Habíamos empezado perdiendo. Moreno no estaba fino con el balón; Juancho no tenía puntería; Arturo estaba manisuelto. Nuestro eterno rival, el equipo de la otra cuadra, era todo lo contrario: movía el balón con presteza y finura; se entretenían, se divertían. Sabíamos que no había lugar a la derrota, más que el litro de gaseosa que habíamos apostado, lo importante era salir victoriosos, luego nos deleitaríamos con los repasos de las mejores jugadas del juego –y las más desafortunadas, claro: “Moreno se come hasta un moco ajeno”– bajo la frondosa sombra de un robusto árbol. Jugábamos todos los sábados, a eso de las diez de la mañana. Generalmente se presentaban contrariedades: no había balón, la cancha estaba ocupada, los manes que fumaban en la noche se habían levantado muy temprano; y sin embargo siempre terminábamos ahí: en cualquier improvisado escenario, haciendo de las camisetas arcos de juego, intentando hacer de una bolsa rellena de papeles el balón con el que se marcarían los goles. Goles que, por buenos o malos que fueran, nunca veríamos en una pantalla, pero que –sin saberlo– ocuparían un importante lugar en la memoria: como ese de tijera que desde la mitad de la cancha hizo El enano, o ese arco solo y esa cabeza cuadrada de Wilson. Ay Wilson…
Eso era para nosotros el fútbol. Esa competición en la que se dejaba todo. Esas ganas de abrazar al otro, esas ganas de golpearlo. Esa pasión que le restaba importancia a la inclemencia del sol, a la fuerza de la lluvia, que nos hacía olvidar del resfrío y de la tarea de Química. Eso que forjaba nuestra amistad o que, en un acto de comprensible estulticia, la descomponía. Eso que hoy ya no es lo mismo.

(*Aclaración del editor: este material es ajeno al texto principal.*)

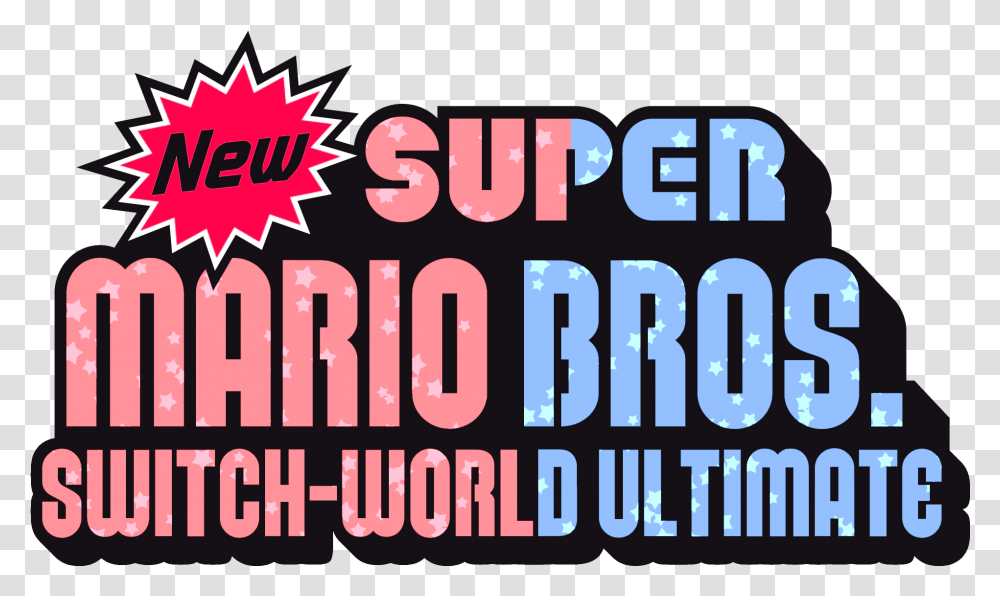 New Super Mario Bros Switch World Ultimate Logo, Word, Alphabet, Label Transparent Png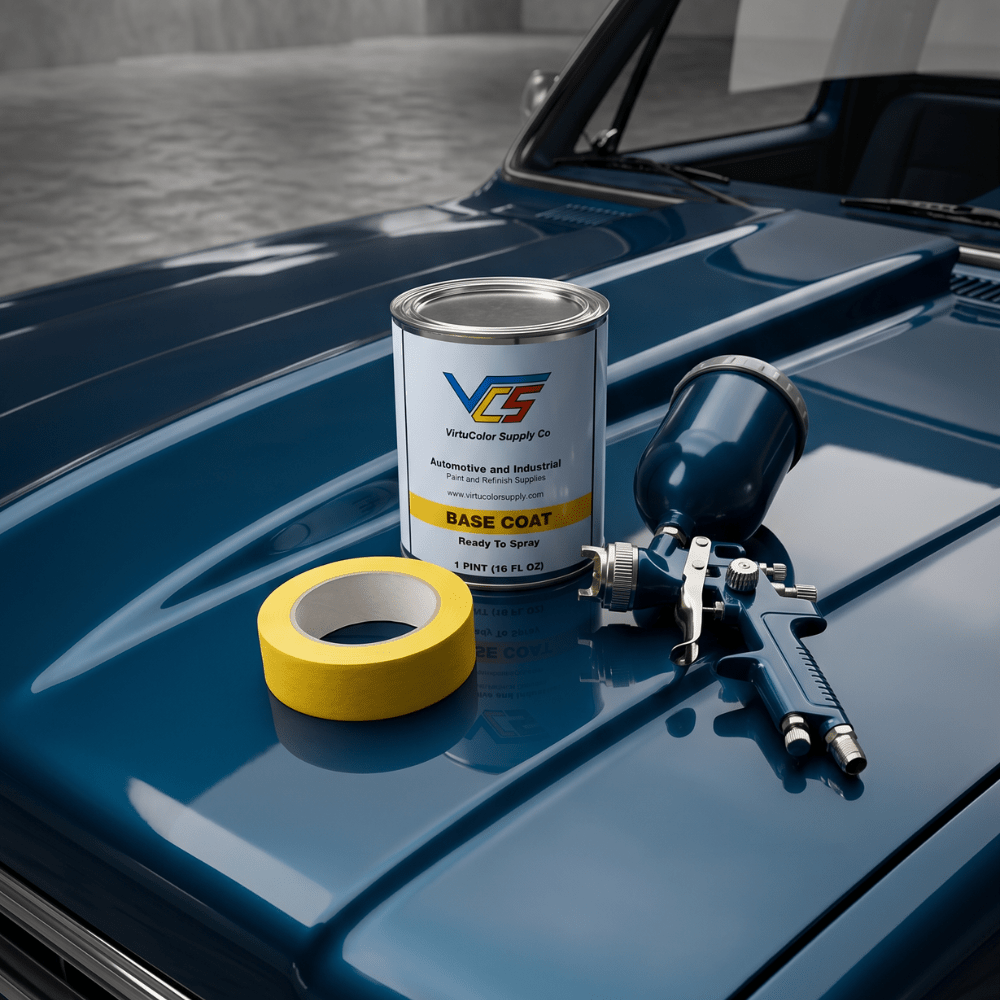 GM WA693D/GUM Deep Azure Metallic Low VOC Basecoat Paint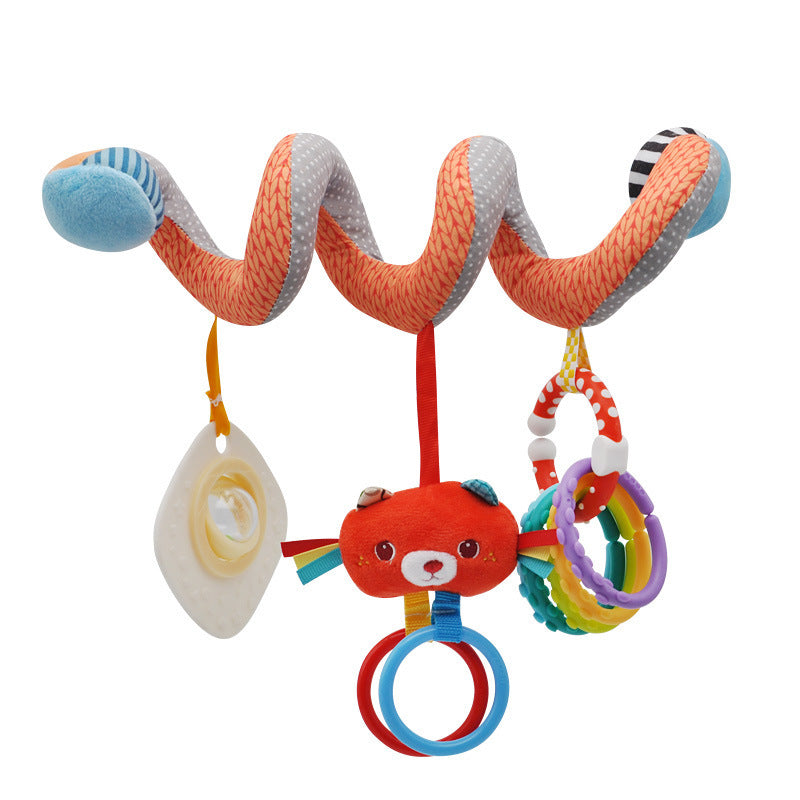 Baby Spiral Rattles - Pram Toy - Hanging Toy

Desencantarse del fútbol (?) a pesar de que gran parte de la infancia está rodeada de recuerdos en una cancha de juego tiene varias razones: para empezar, la forma en que con este deporte se ha infundado en la gente una suerte de fatuo patriotismo. Los medios que promueven esta competencia propagan una serie de fervor nacional sinuoso, pues detrás de esto hay intereses económicos (como las empresas que pautan en sus transmisiones); es verdad que una selección representa un país, pero es mendaz hacer creer que es más ciudadano quien hace de cada partido una parranda, o quien se vale de cualquier ardid con fin de asistir a un escenario deportivo o, incluso, conseguir una camiseta de fútbol. Eso hace parte de una estrategia de mercado que, la verdad sea dicha, no todos advierten. Todos tenemos derecho a elegir las pasiones, es indudable, pero entonces conviene recordar que es bajo estas estrategias de marketing que se hace del fútbol una herramienta mediante la cual se resta importancia a temas axiales –como los casos de corrupción que hoy despiertan el exacerbamiento de algunos chilenos–. Estrategia con la que se legitiman aciagas épocas como las que pasaron en la Italia de Mussolini y en la Argentina de Videla. Y ahora sabemos lo que pasó en Sudáfrica, y lo que podría pasar en Rusia y Qatar.
La desnaturalización del fútbol llegó cuando el “Fondo Monetario Internacional” de este deporte, la Fifa, se dedicó a desproporcionarse con las formas de hacer dinero. Es una percepción hipócrita, lo sé, pero cada que me da por ver un partido de esos que tanto dinero mueve, verbigracia esos de la Champions, me acuerdo del despilfarro que hay detrás. Y los termino abandonando.
Pero luego, ay luego, me acuerdo de ese partido que a pesar de haber empezado perdiendo empatamos y ganamos, me pongo a repasar la victoria del Deportivo Cali, me pongo a leer los magníficos cuentos de Soriano y Sacheri.
Qué le puedo hacer. La culpa no es del fútbol.